Homework for trade talks with India, US begins
KATHMANDU, Aug 24: The government has initiated preparation for trade talks with the country’s two crucial trade partners — India and the US.
“We´ve begun formulating agendas, incorporating pertinent issues for the upcoming bi-lateral talks, and reviewing progress made since the earlier talks with both the countries,” said Toya Narayan Gyawali, joint secretary at the Ministry of Commerce and Supplies (MoCS).
Gyawali said talks on the Trade and Investment Frame Work Agreement (TIFA) with the US has been tentatively scheduled for December, whereas the date for Inter-governmental Committee (IGC) meeting with India is still to be fixed.
Though the meeting of Nepal-US Council on Trade and Investment (NUSCTI) under TIFA was originally scheduled to be held in November, it has been postponed to December due to busy schedule of US trade negotiators. The meeting was last held on April 15 in Washington DC.
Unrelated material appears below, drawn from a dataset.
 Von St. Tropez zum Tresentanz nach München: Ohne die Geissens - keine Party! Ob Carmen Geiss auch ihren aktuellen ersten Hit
TIFA - the forum to discuss and resolve trade and investment issues — also serves as political and legal commitment to enhance bilateral trade and investment, paving the way for full-fledged bi-lateral free trade and investment agreement.
Deputy Prime Minister and the Minister for Commerce and Supplies Bharat Mohan Adhikari and US trade representative Ron Kirk had signed the TIFA.
Gyawali said the agenda for upcoming NUSTI meeting will largely focus on seeking duty free access for Nepali readymade garment (RMG) in US and luring US investment in Nepal.
The government has already registered a petition at the US Congress for Generalized System of Preference (GSP) for nine Nepali products, including RMG, in the US market.
Nepal RMG industry has been facing a touch time after the US ended duty-free-quota-free access from December 2004.
Similarly, officials at the MoCS are also busy preparing draft agenda for IGC — the secretary level meeting — to be held in New Delhi in the near future. A source at the MoCS said Nepal will request the southern neighbor to scrap the recently introduced additional lock system on containers ferrying third country imports via Kolkata port, accreditation of quality standard from Nepali lab, simplification of customs and quarantine test on Nepali goods.
India on the other hand will push for Bilateral Investment Protection Agreement (BIPA) along with preferential treatment for Indian goods as compared to third country imports.
“We are organizing Public Private Dialogue (PPD) on September 12 and 13 to collect suggestions of the private sector for trade negotiations with India and China. Outcomes of the two-day meeting will be crucial for setting agenda for upcoming bilateral talks with both the countries,” added Gyawali.
The meeting is also expected to identify the ways to bring down the country´s widening trade deficit with India and China. Nepal suffered trade deficit of Rs 195.30 billion and Rs 37.67 billion with India and China respectively during the first eleven months of 2010/11.